Tips pitching to giants as an undiscovered inventor in a new field

Or Alf (now in Pog Form).

No, I think you’ve missed the point I was making.

Having a 3D XR/AR/MR/VR video walk-through tour of a spaceship is not the same as having a spaceship.

Like others have mentioned, ideas are a dime a dozen. The genius and brilliance comes with turning them into reality. For every genius groundbreaking product thats out there there was probably hundreds of people who already had the same idea years before it became something real.
Apple didn’t invent the idea of the iPad, they took the idea many people had for years and made it real.
You want others to apply their genius and brilliance to bring your idea into reality. It just doesn’t work that way.

Here in the UK, we have an investment TV program called Dragon’s Den.
The US equivalent is Shark Tank.

Both these programs feature investors who can offer huge sums of money, plus decades of business experience.

If you turn up with a working product, you could get an investment and become a millionaire.

If you turn up with just an idea, you get nothing.

The problem is, squish7 is not content with being an ordinary knowledge worker – he/she wants to pitch “world-bending” ideas to “the giants of the field”.

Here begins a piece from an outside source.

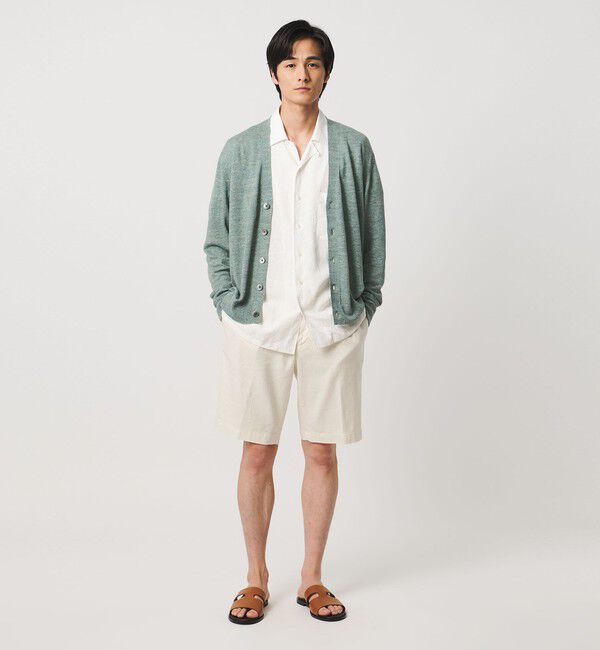 UNITED ARROWS「リネン/コットン ハイゲージ カーディガン」|カーディガン|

Brain plasticity and mental stamina do degrade with age – slowly at first, but it starts to become definitely measurable around age 40. However, that is probably not the main reason why the odds are against someone coming up with their first invention / scientific discovery / artistic masterpiece at age 39.

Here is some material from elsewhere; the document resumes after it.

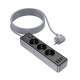 Мережевий подовжувач BOROFONE BAC8 Power 3-position socket 1C3A/3M чорний mag-6941991116643137626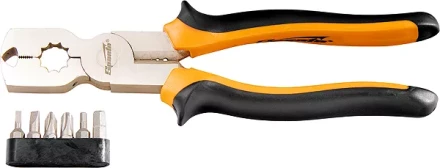 Плоскогубцы 200 мм CrV комбинированные многофункциональные с набором бит SPARTA 169265 купить в Нижневартовске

The main reason why that rarely happens is this: if you really had the potential to do that, why didn’t you do it already? You’ve had at least 20 years to show the world what an exceptional kind of person you are. If you didn’t produce anything noteworthy during those 20 years, why should anybody expect your next 20 years to be different?

“Late bloomer” artists, inventors etc do exist, but they are very much the exception rather than the rule. Even when someone came up with their great masterpiece at a later age, there’s usually something in their younger years which shows that they were already no ordinary bear. A physicist may get the Nobel Prize at age 60 for a discovery they made at age 42, but when you read their biography you’ll probably find that they had already written some important papers and built up an impressive reputation in the international physics community by age 30. And that early reputation then earned them the access to people, budgets etc which enabled them to make the big discovery.

So when someone is pushing 40 and admits that they have “zero credentials; no successes or work history to speak of”, that tends to make people go “hmm” when that person then claims to have “world-bending” creative and inspirational abilities.

When I gave my advice to squish7 in my previous post to this thread, I didn’t know their age yet and was picturing them as an ambitious twentysomething. At that age, it is still very likely that your claims of being a world-changing creative genius are delusional, but you should at least be given a chance to show the naysayers that they’re wrong. But if you have been an adult for two decades already and you still have “no successes or work history to speak of”, maybe it’s time to adjust your ambitions a bit and consider the possibility that you’re not as brilliant as you thought you were.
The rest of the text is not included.